[PP] Fix disabled flaky tests (pytorch#154856)

H-Huang · iupaikov-amd · commit d71a41b7845f · 2025-06-04T11:08:46.000Z
Fix pytorch#154373, pytorch#154391, pytorch#154408, pytorch#154443, pytorch#154481 Because MultiProcContinousTest [now executes the tests with 8 GPUs instead of 2](pytorch#153653), our PP tests comparing gradients have become flakier due to the longer pipeline. The gradients are still close but we need to relax the tolerance.
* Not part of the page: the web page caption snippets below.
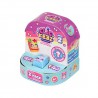 Clickeez S2 - 2-Pack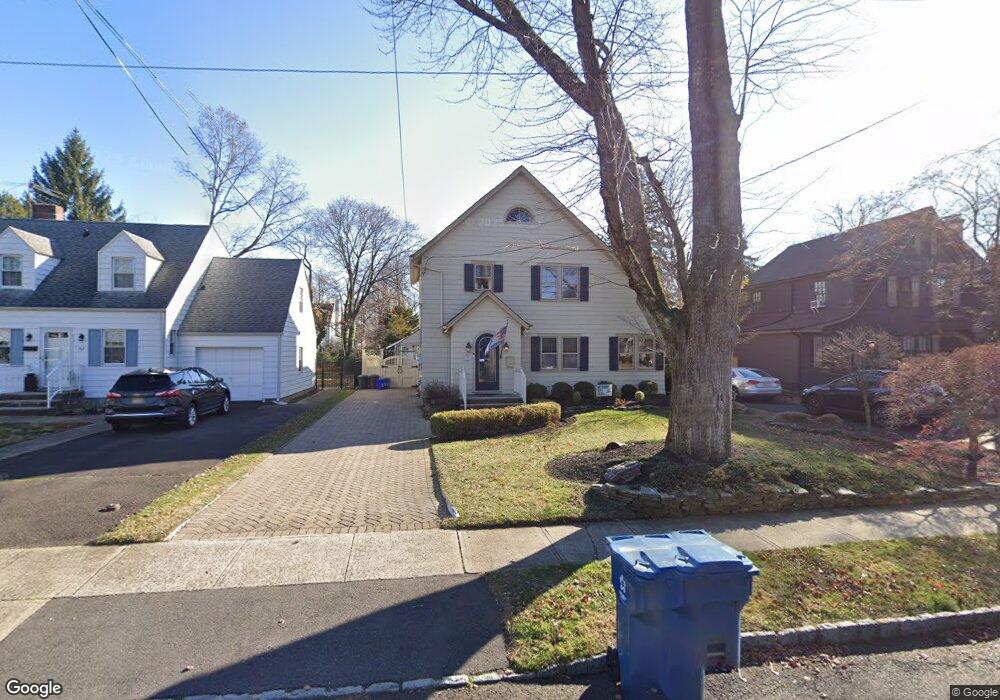 766 Park Ave, Bound Brook, NJ 08805 - photo 1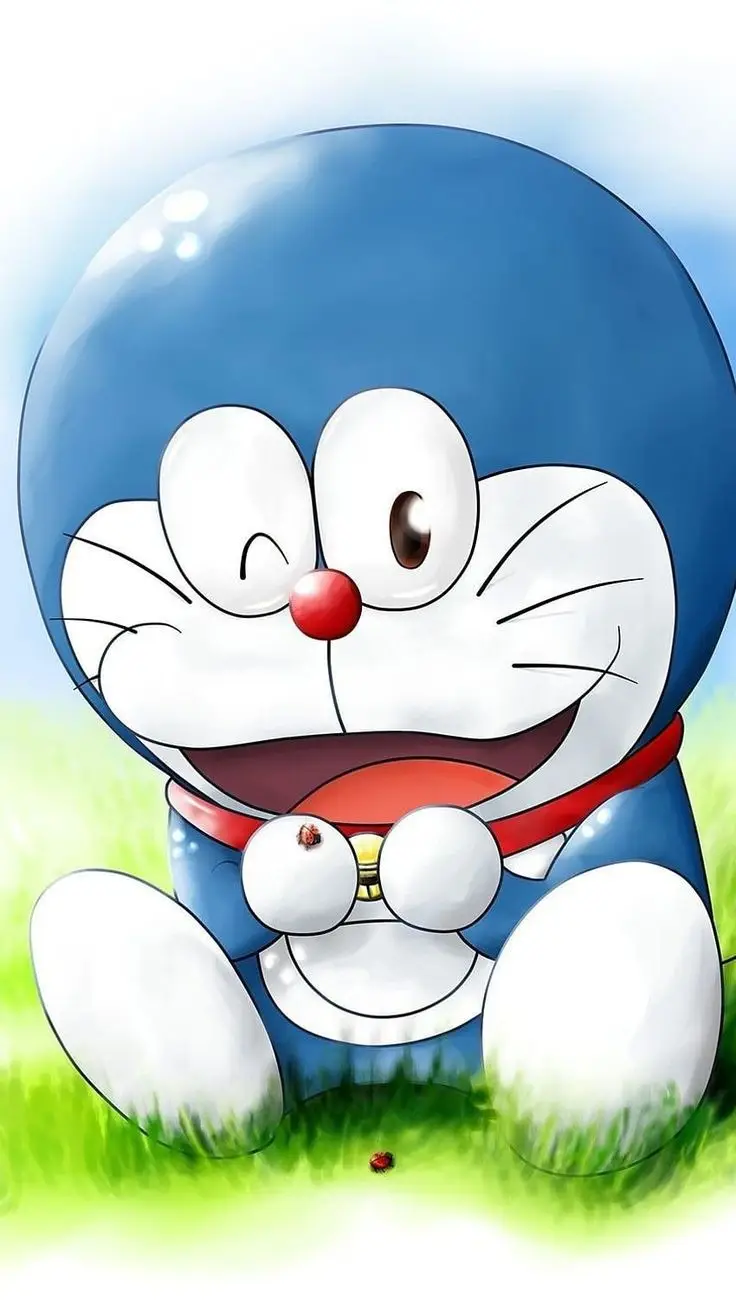 doraemon-cartoon-photo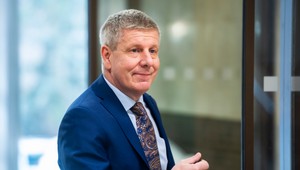 Lengvarský pred odchodom z postu ministra zdravotníctva schválil štandard pre transrodových ľudí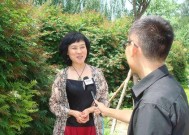 交口称赞是什么意思？如何在日常生活中运用？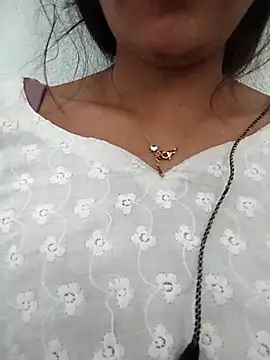 PEEHU-50 online show from April 2026 02:09:01 AM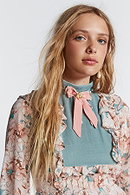 Charlotte Hansen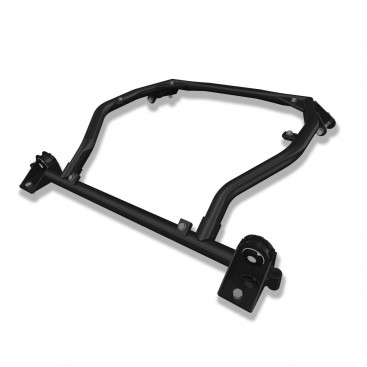 Подрамник ВАЗ 2108 - 2115 SPORT, Автопродукт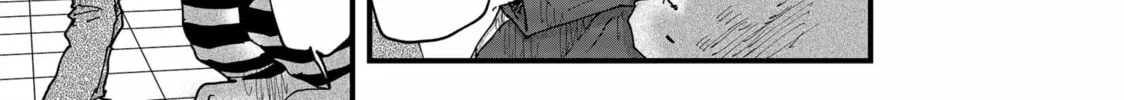 Read Red Cat Ramen chapter 166 image 17 on Lezhin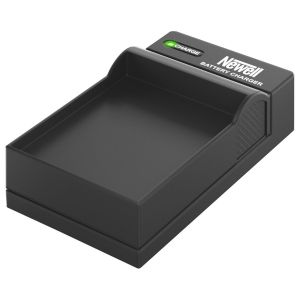 NEWELL Carregador DC-USB p/ EN-EL5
Pull Request resolved: pytorch#154856 Approved by: https://github.com/Skylion007
diff --git a/test/distributed/pipelining/test_schedule_multiproc.py b/test/distributed/pipelining/test_schedule_multiproc.py
@@ -513,7 +513,7 @@ def test_grad_with_manual_interleaved(self, ScheduleClass, use_new_runtime):
             for name, p in stage_module.named_parameters():
                 ref_p = ref_submod.get_parameter(name)
                 try:
-                    torch.testing.assert_close(p.grad, ref_p.grad, rtol=1e-5, atol=4e-5)
+                    torch.testing.assert_close(p.grad, ref_p.grad, rtol=1e-5, atol=1e-3)
                 except AssertionError:
                     print(f"Gradient test failed for {name}: {p.grad} vs {ref_p.grad}")
                     raise